I'd rather rebuild than pull from a yard. You never know what you're getting into.

Either way, before you slam an engine back in there, figure out why you are running lean and burning through your pistons.


----------



## Cooter24 (Nov 13, 2007)

The rear 2 pistons made contact with the spark plugs. Not sure what was going on there?


----------



## Derek'sDumpstersInc (Jul 13, 2014)

Cooter24;1927017 said:


> The rear 2 pistons made contact with the spark plugs. Not sure what was going on there?


That would indicate a timing issue. The ford timing chain tensioners are good about having the plastic wedge on them come off on higher mileage engines which leads to a lot of slop in the timing chain. Not a good scenario in an interference engine. payup payup


----------



## dieselss (Jan 3, 2008)

No. Not a timing issue. A dropped spark plug issue.


----------



## Cooter24 (Nov 13, 2007)

Dropped plug? And now the rest of the story. We just purchased this about 3 weeks ago, 95k mi. Had a very slight miss when test drove. Put on a scan tool and no codes. Rear 2 plugs n coils were just replaced, figured another coil bad? Drove home approx 200mi. Got worse and now check engine light on. Drove directly to shop that works on our trucks. Missfire #10. One of the new ones. Brought back to our shop. Took out #10 and it was slightly bent. Replaced all plugs w correct motorcraft ones, did have autolites. Also replaced other 8 coil packs. Ran great for 200 miles then with out warning blew up. I should have dug deeper when we saw plug was bent the first time. This is our
3rd v10 n a fleet of 11 trucks.


----------



## dieselss (Jan 3, 2008)

Sorry man that sucks. They probably taped to.hole to far down or the wrong plugs

I meant a plug fell into to cylinder or a plug that went to deep into the head


----------



## Sawboy (Dec 18, 2005)

dieselss;1927051 said:


> No. Not a timing issue. A dropped spark plug issue.


Yep. This.

As for rebuilding vs quality reman? You "might" save a few dollars rebuilding, but if getting back on the road is the priority then a reman can be at your door by noon tomorrow, and installed by midnight.

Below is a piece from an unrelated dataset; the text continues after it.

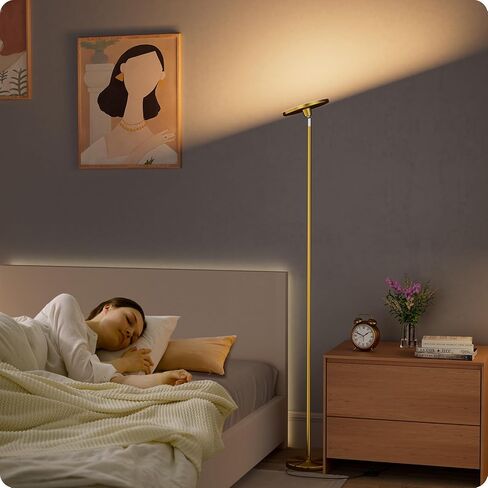 Dimmable Floor Lamp with Remote，Floor Lamps for Living Room Bedroom Office，Adjustable Brightness (10%-100%) and Color Temperature (3000k- 6000k)，Standing Lamp Tall Lamp with Foot Switch in Kuwait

When I managed a repair shop, we used ATK, and Jasper for remans. Only one bad one in probably 100 or so over 8 years.


----------



## kimber750 (Sep 19, 2011)

Cooter24;1927068 said:


> Dropped plug? And now the rest of the story. We just purchased this about 3 weeks ago, 95k mi. Had a very slight miss when test drove. Put on a scan tool and no codes. Rear 2 plugs n coils were just replaced, figured another coil bad? Drove home approx 200mi. Got worse and now check engine light on. Drove directly to shop that works on our trucks. Missfire #10. One of the new ones. Brought back to our shop. Took out #10 and it was slightly bent. Replaced all plugs w correct motorcraft ones, did have autolites. Also replaced other 8 coil packs. Ran great for 200 miles then with out warning blew up. I should have dug deeper when we saw plug was bent the first time. This is our
> 3rd v10 n a fleet of 11 trucks.


Sounds like yo got scammed. Did you buy at dealer or private seller? Damage to top of piston will cause a "hot spot" and eventually burn through the piston.


----------



## Cooter24 (Nov 13, 2007)

Would poor maintaince lead to collapsed lifters and floating valves?


----------



## dieselss (Jan 3, 2008)

You engine doesn't have lifters per say.
But it's hard to say.


----------



## BennyLumpkin (Oct 6, 2011)

Just did this last spring to one of our employees trucks. I found him a Motorcraft crate engine. Long block so very little needed transferred one engine to the other. 3 year unlimited mile warranty if I remember correctly. It was around 3500 for brand new. If you consider downtime it'd really not bad. Where are you located? I'm in central PA if you aren't way off and I can hook you up with my parts guy.


----------



## animal70X7 (Nov 12, 2006)

I second the Ford reman. That's what i did with my 2000. 900 mi before the warranty expired, I spit a plug and Ford replaced the head under warranty.


----------



## Cooter24 (Nov 13, 2007)

A ford reman would pry have been the best choice. We are getting this one rebuilt. Should have it back next day or so. New top end, tensioners and one new piston. Tyhe claim one of the intake flaps broke off and damaged the spark plug/piston.


----------



## Antlerart06 (Feb 28, 2011)

Cooter24;1939856 said:


> A ford reman would pry have been the best choice. We are getting this one rebuilt. Should have it back next day or so. New top end, tensioners and one new piston. Tyhe claim one of the intake flaps broke off and damaged the spark plug/piston.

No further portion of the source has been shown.